Vous dénoncez un déficit d’explication, doublé d’une crise de confiance ?
Le déficit d’explication est stupéfiant. Et la crise de confiance, nous la mesurons en observant nos indicateurs psychiatriques au rouge. Depuis des mois, je suis choqué que personne au sein du conseil scientifique ne porte cette dimension, en tout cas que le discours du gouvernement soit si creux, si sec, si froid.

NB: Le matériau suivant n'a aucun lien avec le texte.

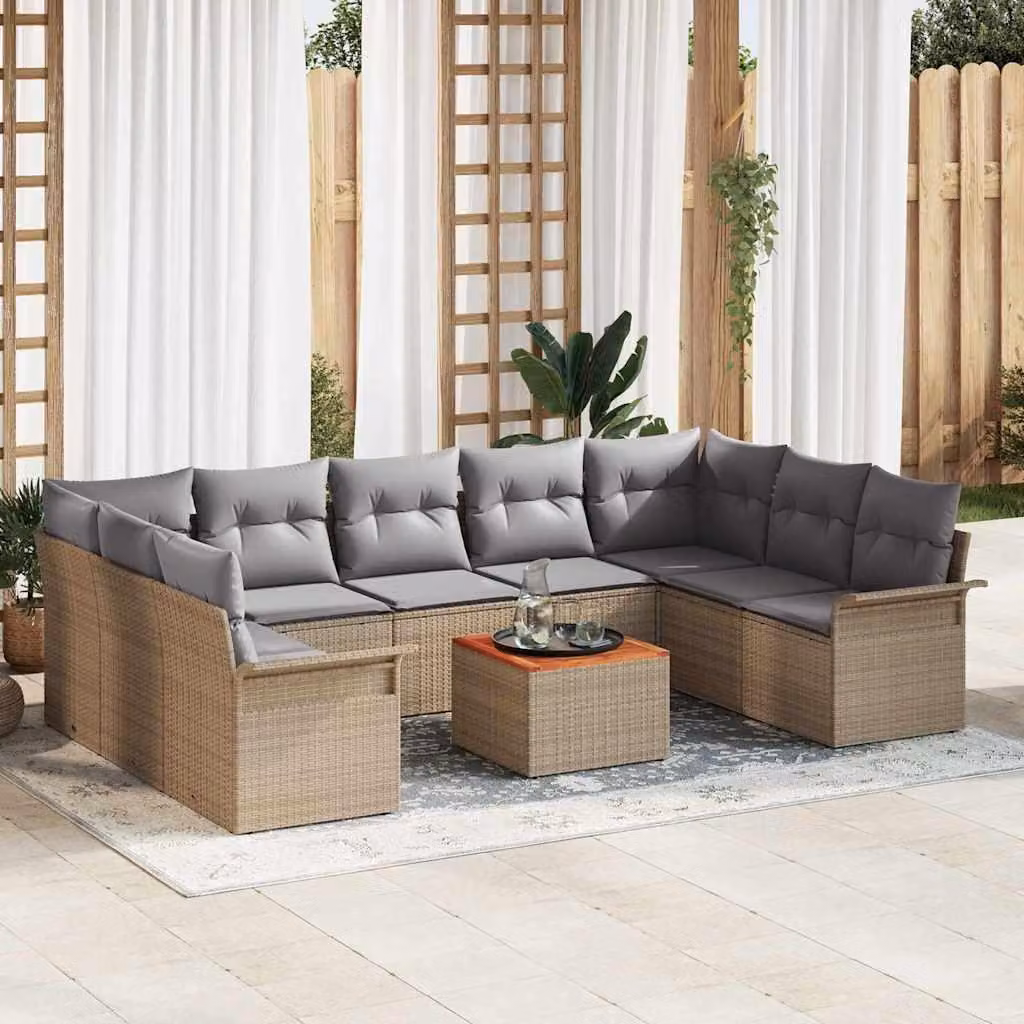 Maison Exclusive - Set Divano da Giardino 10 pcs Beige Poly Rattan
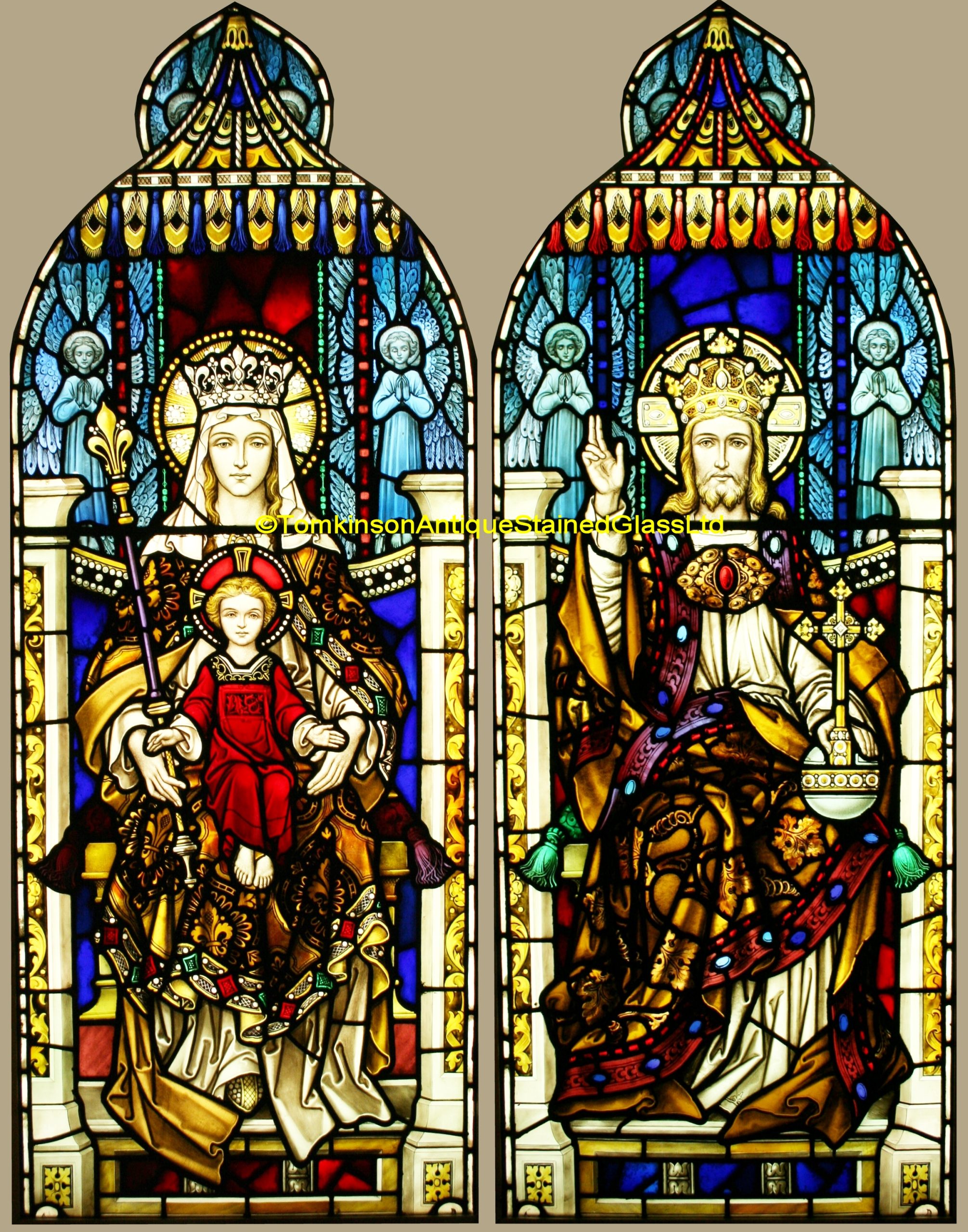 Ref: Rel343 - 2 Antique Religious Church Stained Glass Windows  - Virgin Mary & Jesus - Christ, King of Kings - Image 2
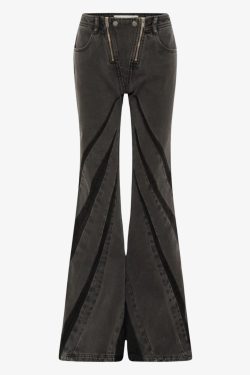 Black Denim Tube Top & Patch Jeans Two Piece Set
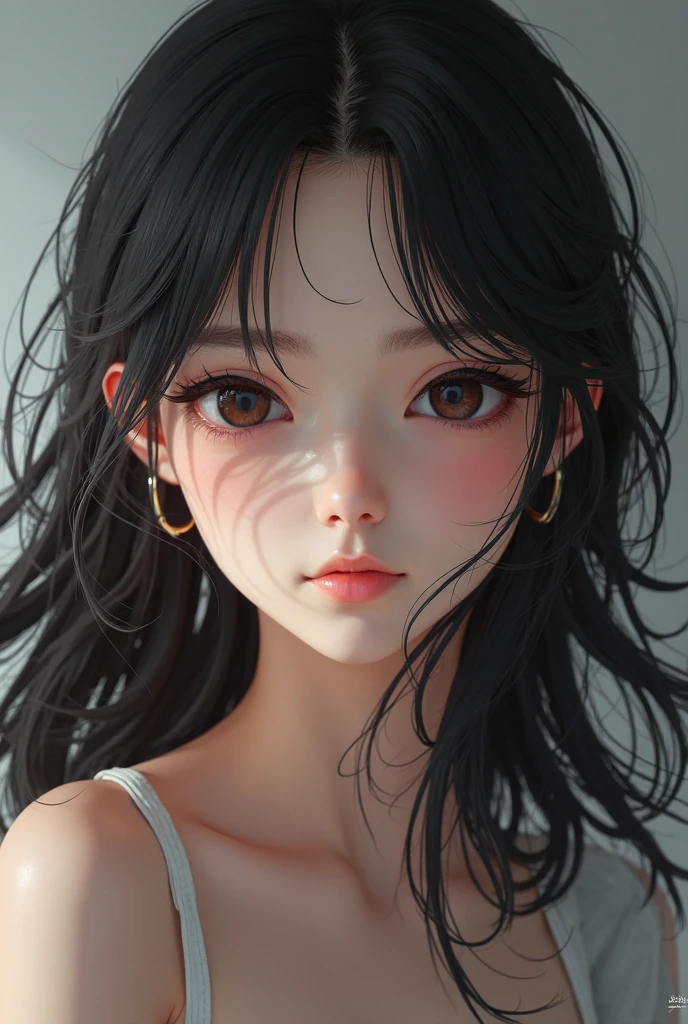 Black hair, semi-long, straight, with bangs, double eyelids, brown freckles and moles on face, slightly large nose, small face, small eyes, realistic drawing, wearing pajamas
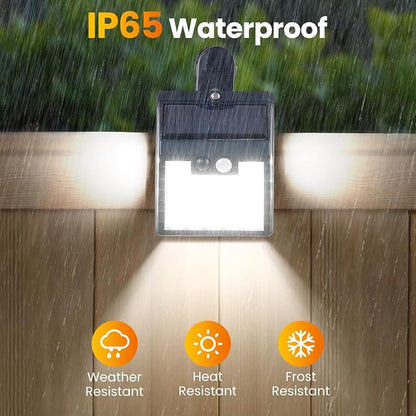 Clip On Solar Lights Outdoor,Motion Sensor Outdoor Lights, 72LEDs 600LM Clip on Solar Fence Lights Outdoor Waterproof LED,Solar Lights for Wall Fence,Deck, Gutter,Camping (4, Black)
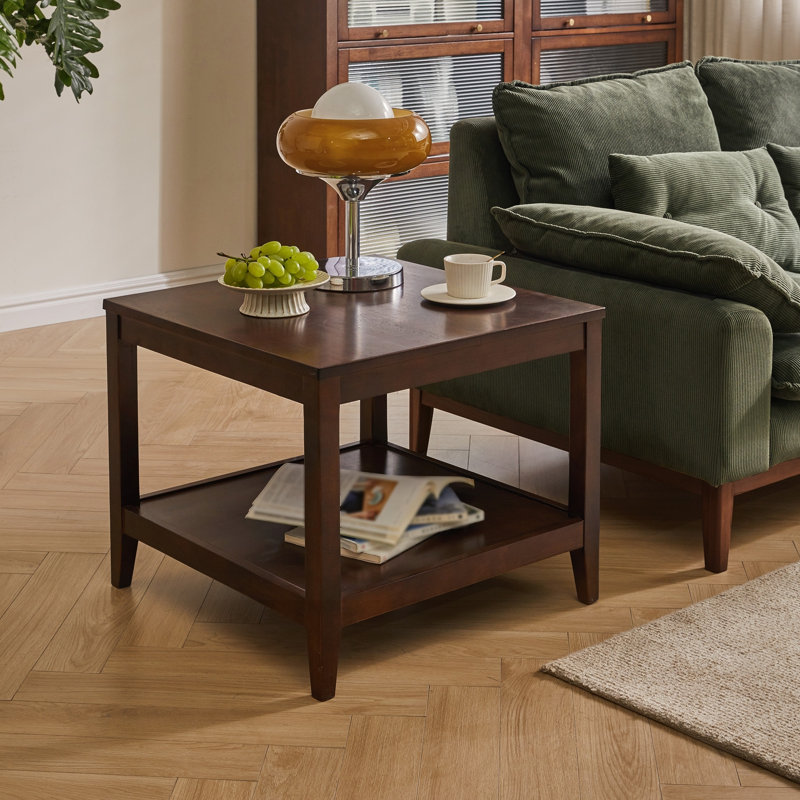 Solid Wood End Table with 2-Tier Storage – Square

Comment voyez vous évoluer les choses ?
On va vers une casse psychologique et psychiatrique, très très importante. Il y aura un avant et un après. Les gens sont traumatisés. A tous les niveaux. Dans les Ehpad, par exemple, on sait que des personnes âgées sont mortes de phénomènes de glissement et d’angoisse. D’autres sont traumatisés d’avoir dû enterrer un parent de façon bâclée. Ce sont des petits exemples entre mille. Il y a une urgence absolue à prendre en compte la dimension psychologique de la crise actuelle. Nous sommes de très nombreux praticiens, en France, à ressentir cette urgence.